Japan Fukushima probe panel urges new disaster prevention steps, mindset. An abstract of the new report:

A government-appointed inquiry into Japan’s Fukushima nuclear crisis raised doubts on Monday about whether other atomic plants were prepared for massive disasters despite new safety rules, and delivered a damning assessment of the regulators and the station’s operator.

One thought on “Another Critical Assessment of Fukishima Response

  1. I am not a big fan of regulators, but – for once – I have to praise the USNRC, esp. in comparison with the comparable Japanese agency. Based on my personal experience, the relationship between regulated and regulator in Japan is much too close, and dominated by the utilities. Given the history of the Japanese nuclear enterprise, it was not a big surprise that routine things that should have been done/considered were overlooked. Conversely, we have not had the same kinds – or numbers – of incidents in the US, primarily due to the NRC’s oversight.

    That said, I get really ticked off when any disagreement – in this case, about the future of nuclear power in Japan – is viewed as an “either-or” choice (e.g., no nuclear power, rebuild as is, or improve the both construction and oversight). It seldom is. All sides must recognize that any choice has consequences. Japan has almost no energy resources of its own. One of the reasons that nuclear power has rather strong roots in Japan is that it is a good choice economically esp. compared to fossil fuels (and I believe it to be so even if you include the cost spike due to Fukushima vs the “death of a thousand cuts” due to other power sources – costs of ash pits, transport of natural gas…). For almost all of these choices, it’s not risk vs no risk, it’s recognizing ALL the choices and the risks that go with them, and then making a rational choice.

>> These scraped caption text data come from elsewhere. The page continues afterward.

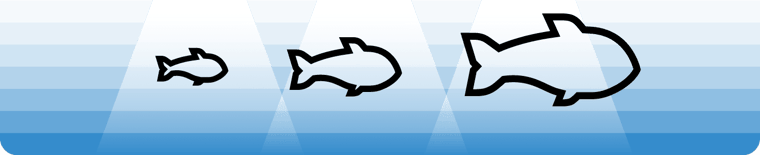 Blog Images - What Science says about Light and Salmon_element 1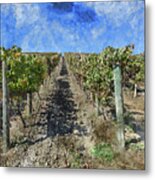 Napa Valley Vineyard - Rows Of Grapes Metal Print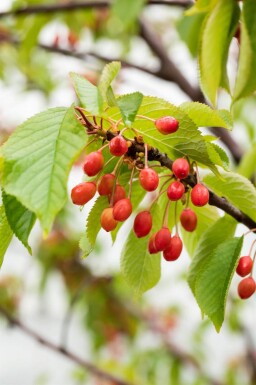 Prunus avium cépée 300-350
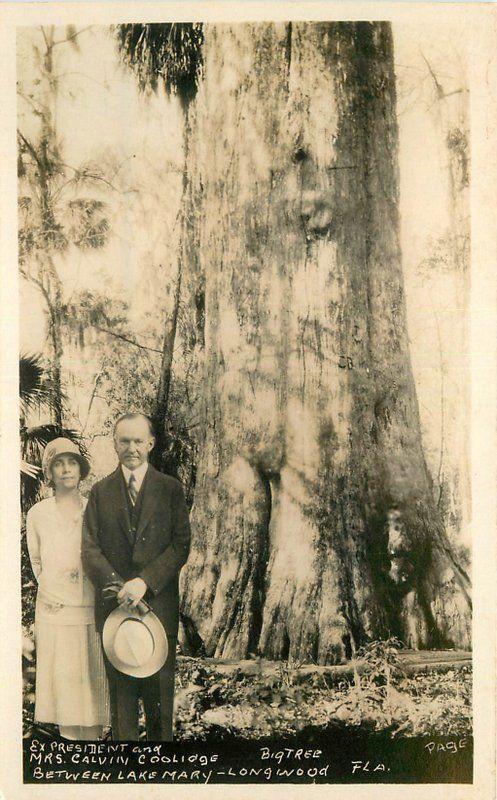 Big Tree Ex President Coolige Longwood Florida 1920s RPPC real photo 10597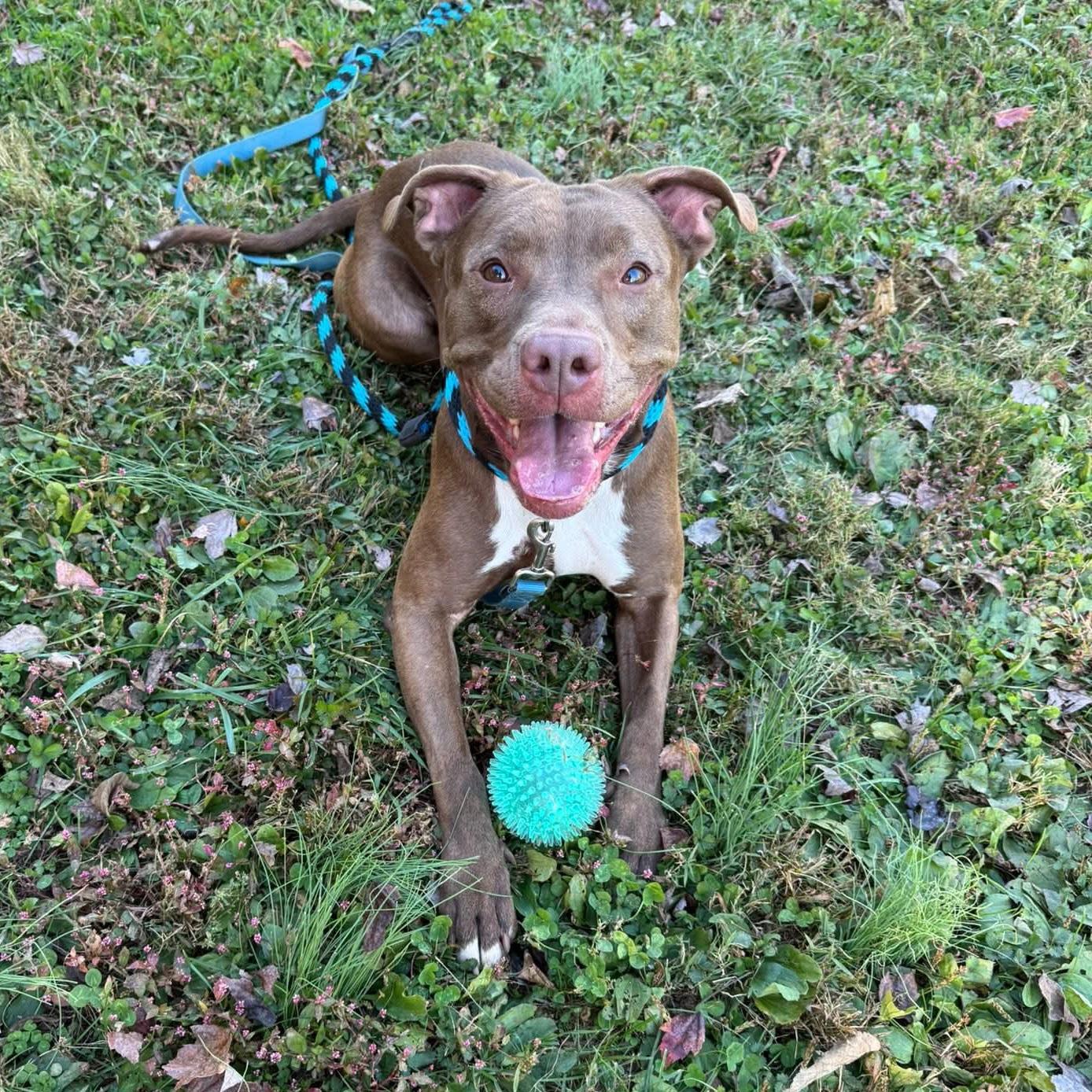 Starlight, a Adoptable mixed breed in Phoenixville, PA image 2/6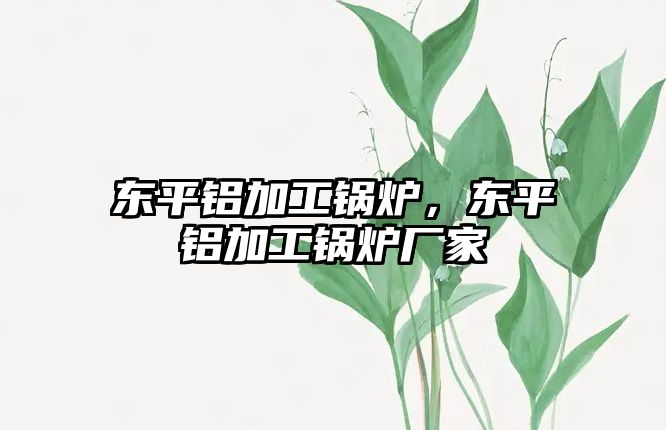 東平鋁加工鍋爐，東平鋁加工鍋爐廠家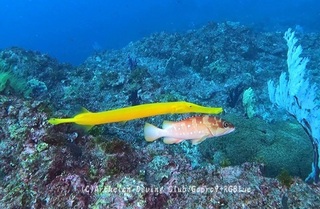 herayagara250105-n.jpg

    A US analogy is the decision so many individuals have made to build or live in areas at risk to extreme weather events. We as a society are faced with the choices to encourage this (which in fact we do in some ways), discourage, ban, or demand that if you build in a risky area you build in a way so that the rest of us don’t have to bail you out. In this case, unfortunately, we have recognized neither all the choices nor all of their consequences, and certainly have not made rational decisions.